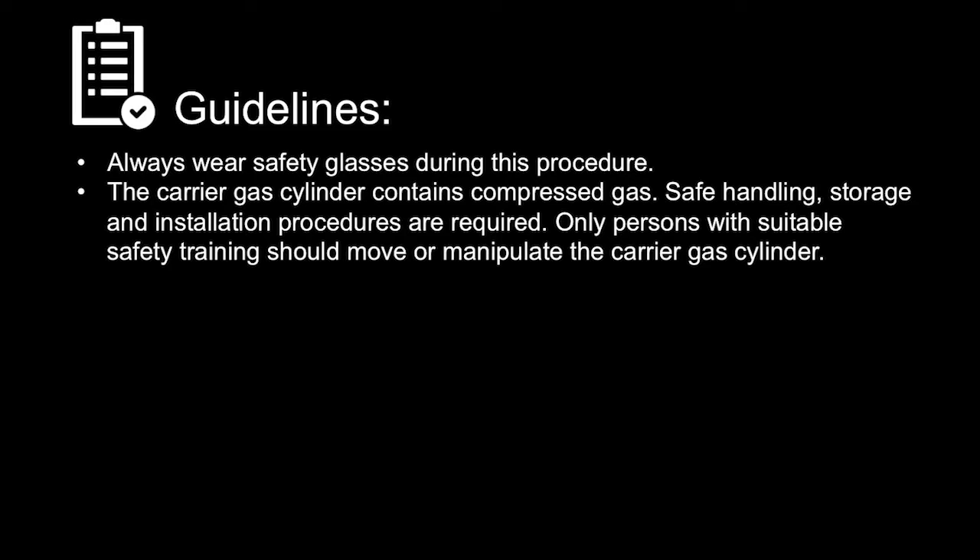Before starting the installation, please note the following. Always wear safety glasses during this procedure. The carrier gas cylinder contains compressed gas. Safe handling, storage, and installation procedures are required.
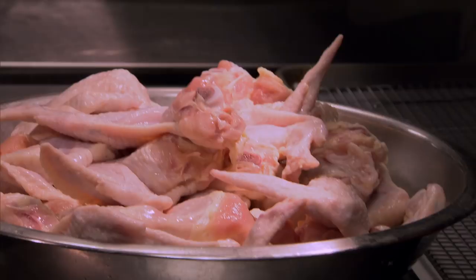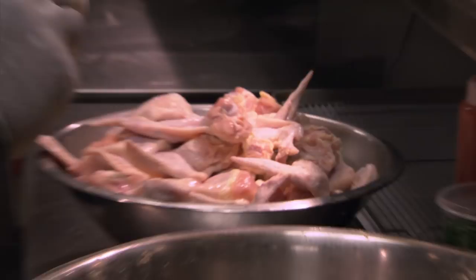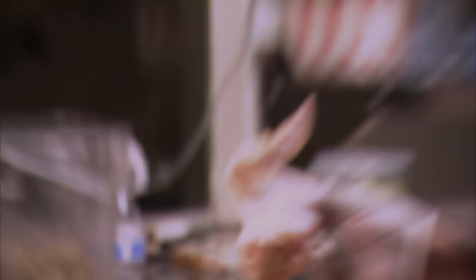We got some nice sized wings right here. Now the chicken's been sitting overnight in buttermilk — the buttermilk is kind of like a brine on it a little bit. Gonna seal the juices in there. This chicken ain't dry now. Only one can make it dry is you. I'm not finna show you a dry wing; I'm finna show you a nice juicy wing.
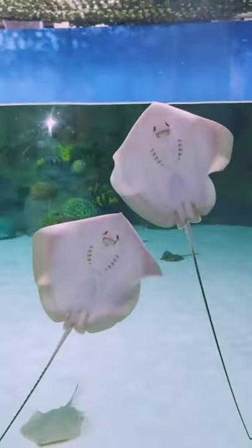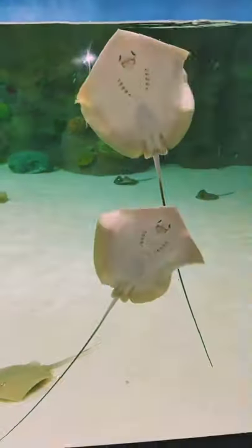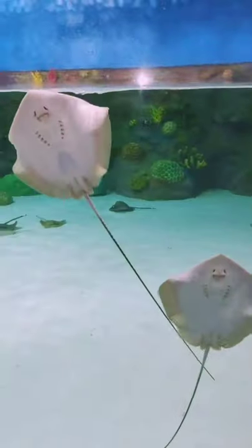The body is kite-shaped with a long, thorny tail. Adult fish can grow to one meter in length, although most are less than 85 centimeters.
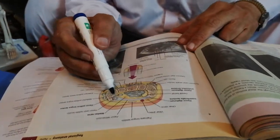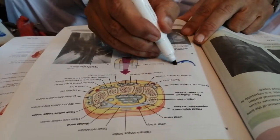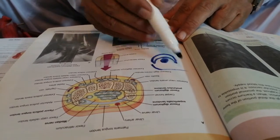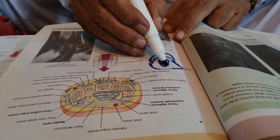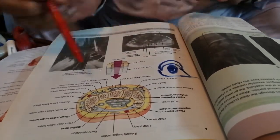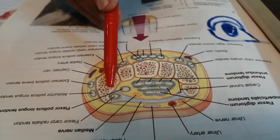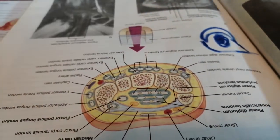Note one point: the tendon of flexor carpi radialis lies in the groove of the trapezium bone. One sleeve from the flexor retinaculum comes over to be attached to the trapezium, so that inside the carpal tunnel a separate small tunnel is formed for the tendon of flexor carpi radialis in the groove of the trapezium. In this way, a separate canal is formed for the flexor carpi radialis muscle.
════════
> PROBLEM REQUIREMENTS: Would you please output the listing above exactly, leaving out the pictures?

> WRITTEN SOLUTION:
Before starting the installation, please note the following. Always wear safety glasses during this procedure. The carrier gas cylinder contains compressed gas. Safe handling, storage, and installation procedures are required.
We got some nice sized wings right here. Now the chicken's been sitting overnight in buttermilk — the buttermilk is kind of like a brine on it a little bit. Gonna seal the juices in there. This chicken ain't dry now. Only one can make it dry is you. I'm not finna show you a dry wing; I'm finna show you a nice juicy wing.
The body is kite-shaped with a long, thorny tail. Adult fish can grow to one meter in length, although most are less than 85 centimeters.
Note one point: the tendon of flexor carpi radialis lies in the groove of the trapezium bone. One sleeve from the flexor retinaculum comes over to be attached to the trapezium, so that inside the carpal tunnel a separate small tunnel is formed for the tendon of flexor carpi radialis in the groove of the trapezium. In this way, a separate canal is formed for the flexor carpi radialis muscle.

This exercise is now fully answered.